Although he first became known for playing the sweetheart high school football player Landry in Friday Night Lights, and later the dastardly criminal Todd in Breaking Bad, Jesse Plemons has become one of the most talented actors of his generation and has earned the endorsement of some serious talent.

The actor’s trajectory on television extended even further thanks to his Emmy-nominated roles on Fargo and Black Mirror, but when it comes to movies, he’s only worked with the best of the best.

If a great actor could be judged by the amount of great directors they have worked with, Plemons has left all of his peers in the dust, for in less than four decades, he’s managed to appear in films directed by Steven Spielberg, Martin Scorsese, Paul Thomas Anderson, Yorgos Lanthimos, Jane Campion, Scott Cooper, Stephen Frears, Doug Liman, Adam McKay, and Alex Garland, among others.

Although he has built up hype surrounding each of his upcoming performances, as his name seems to suggest quality, there was a particular degree of anticipation for his collaboration with Charlie Kaufman on I’m Thinking of Ending Things, a complex psychological thriller based on the popular novel of the same name. While the latter is regarded as perhaps the greatest living screenwriter, he has only occasionally sat in the director’s chair for the Philip Seymour Hoffman drama Synecdoche, New York and the R-rated animated Anomalisa.

The beguiling, unusual style of filmmaking that Kaufman has employed is certain to be intimidating, even for an actor of Plemons’ reputation, who admitted to being starstruck meeting him for the first time, as he was already a huge fan.

“He’s been one of my favourites for quite a while,” he said, “One of my buddies and I, a few years ago, had a Charlie Kaufman marathon and started at the beginning and worked our way to the end. I guess the thinking was that surely by the end of that, we would have some epiphany and some of Charlie’s brilliance might rub off on us. It did not. It just made us realise how much we love him.”

I’m Thinking of Ending Things proved to be one of the most complex films that either Kaufman or Plemons ever made, as it pulled off a significant plot twist revolving around the identity of a character played by Jessie Buckley that would have only been noticeable to those who were paying attention closely.

This meant the film struggled to connect with a broad audience, also considering that it debuted on Netflix in the fall of 2020, when theatres around the world were still mostly shut down, making it an unfortunate reality that I’m Thinking of Ending Things didn’t become a major award season success.
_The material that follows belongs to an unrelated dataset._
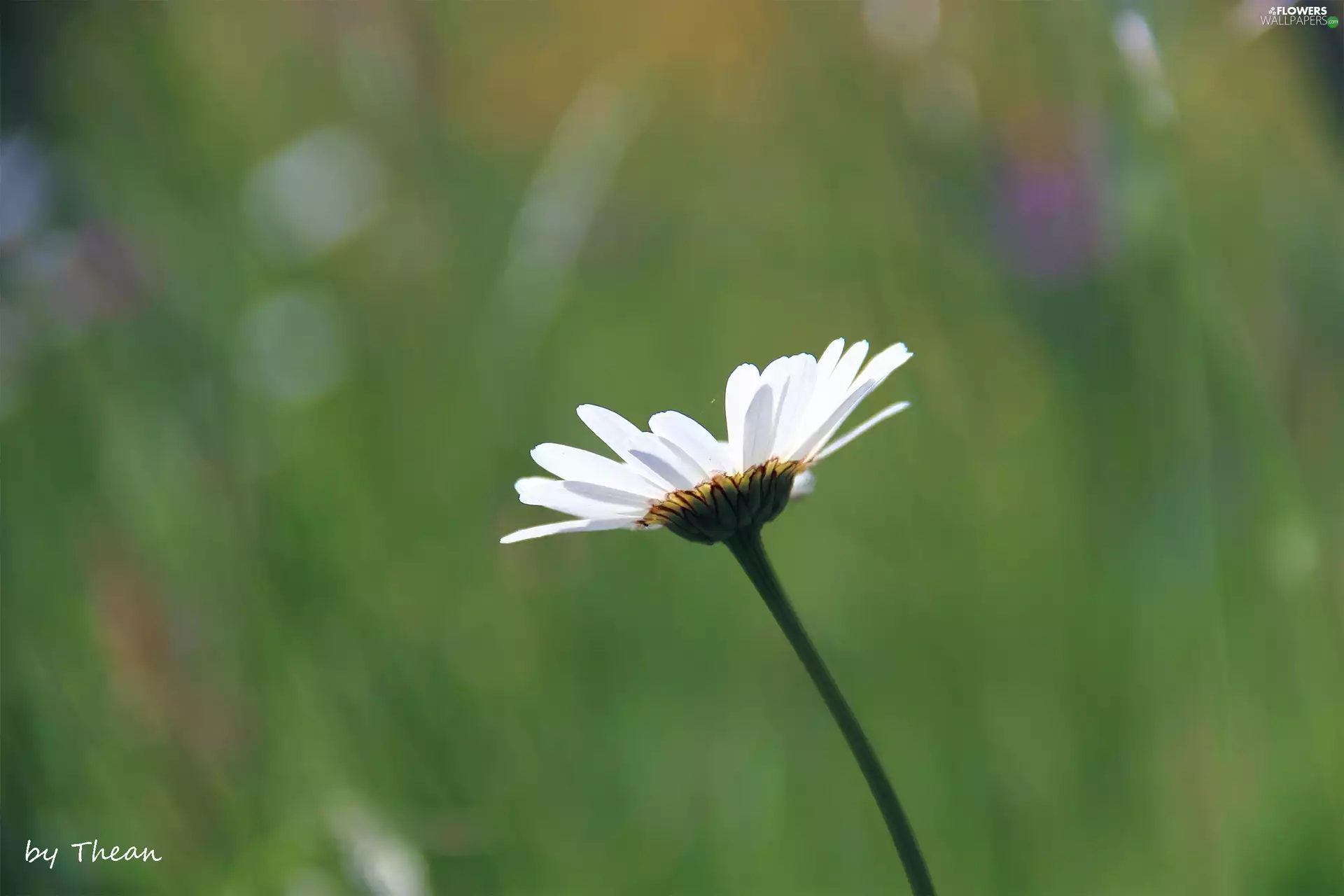 green, Daisy, Colourfull Flowers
It is among the very few films from the new decade that could be called a masterpiece, and the work that Plemons did is bound to have significant ramifications on his career, as it is a performance that will stand the test of time. Some films may have to wait years, and at times decades, before they are appreciated fully, and I’m Thinking of Ending Things is a cult classic in the making that is just begging to be rediscovered.